Category Archives: Trident

Duke University Libraries’ metadata tool project.

You Know What We Did This Summer

I’ve been working in academic libraries for fourteen years now, and I still haven’t been able to convince my grandmother that working for a university doesn’t mean you get the summers off.  We certainly haven’t been taking the summer off in the Digital Collections Program here at the Duke University Libraries, even though you haven’t seen most of the results of our summer work yet.
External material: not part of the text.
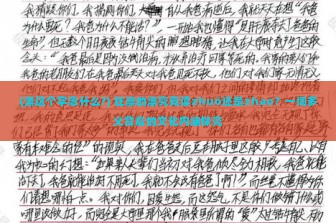 (漂这个字念什么?) 狂漂的漂究竟读zhuó还是zhao？一词多义背后的文化内涵探究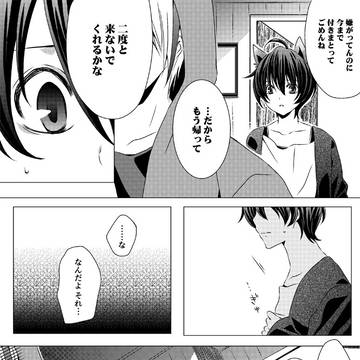 【創作BL】オオカミくんと赤ずきんの話⑨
We premiered the Duke Digital Collections iPhone app back in June, which has been getting positive and enthusiastic feedback (thanks!), but otherwise most of our work has been behind-the-scenes stuff that will pay off in the future.  Among our projects:

  • The metadata phase of the Broadsides & Ephemera digital collection has begun in earnest, with a team of eight catalogers and archivists using our new metadata editor to describe these rare and valuable resources.
  • Work continues on Trident, our digital collections system.  With a new repository, a new metadata editor, and all sorts of other new developments, we’ll be able to create and manage digital collections better, faster, and more seamlessly than ever before, and deliver content in new and exciting ways.
  • Our Digital Production Center continues digitizing materials for future collections at a furious rate.  As usual, they’re very speedy and the rest of us sometimes feel like we’re trying to play catch-up with them….
  • We’ve introduced new ways to keep up with the Digital Collections Program, including a Facebook page (come be our friend!) and more frequent Twitter updates, where we’ve been tweeting highlights from the Duke Digital Collections since the spring.  We’ve also been posting with our digital collections colleagues from across the state to the North Carolina Digital Collections Collaboratory blog.
  • Last but certainly not least, we’re about to launch a huge, fantastic, exciting, FUN new digital collection — hopefully next week — that we’re going to have to keep secret a bit longer.  We hate to tease you … well, maybe we want to tease you a little bit.  It’s completely different from anything we’ve done before in several ways that will become clear when it’s published.  We’ve been working like fiends on this one, but we think it’s totally going to be worth it, and hope you will, too, when you see it.  Stay tuned.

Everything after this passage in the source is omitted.